● What this task involves: Repeat the whole listing below, word for word.

● Given entries:
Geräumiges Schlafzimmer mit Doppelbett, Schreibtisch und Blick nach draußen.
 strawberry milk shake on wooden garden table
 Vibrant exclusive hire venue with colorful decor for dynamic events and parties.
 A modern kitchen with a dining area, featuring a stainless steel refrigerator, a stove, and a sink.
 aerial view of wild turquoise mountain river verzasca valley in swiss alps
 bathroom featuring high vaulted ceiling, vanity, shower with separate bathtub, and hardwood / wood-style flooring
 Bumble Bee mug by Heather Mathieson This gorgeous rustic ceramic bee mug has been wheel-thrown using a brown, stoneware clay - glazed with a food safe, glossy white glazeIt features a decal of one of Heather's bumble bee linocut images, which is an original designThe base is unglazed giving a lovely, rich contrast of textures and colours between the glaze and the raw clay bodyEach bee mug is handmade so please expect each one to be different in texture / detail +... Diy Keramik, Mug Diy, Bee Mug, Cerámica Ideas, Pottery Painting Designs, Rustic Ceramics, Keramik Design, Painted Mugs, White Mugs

● Task solution:
Geräumiges Schlafzimmer mit Doppelbett, Schreibtisch und Blick nach draußen.
 strawberry milk shake on wooden garden table
 Vibrant exclusive hire venue with colorful decor for dynamic events and parties.
 A modern kitchen with a dining area, featuring a stainless steel refrigerator, a stove, and a sink.
 aerial view of wild turquoise mountain river verzasca valley in swiss alps
 bathroom featuring high vaulted ceiling, vanity, shower with separate bathtub, and hardwood / wood-style flooring
 Bumble Bee mug by Heather Mathieson This gorgeous rustic ceramic bee mug has been wheel-thrown using a brown, stoneware clay - glazed with a food safe, glossy white glazeIt features a decal of one of Heather's bumble bee linocut images, which is an original designThe base is unglazed giving a lovely, rich contrast of textures and colours between the glaze and the raw clay bodyEach bee mug is handmade so please expect each one to be different in texture / detail +... Diy Keramik, Mug Diy, Bee Mug, Cerámica Ideas, Pottery Painting Designs, Rustic Ceramics, Keramik Design, Painted Mugs, White Mugs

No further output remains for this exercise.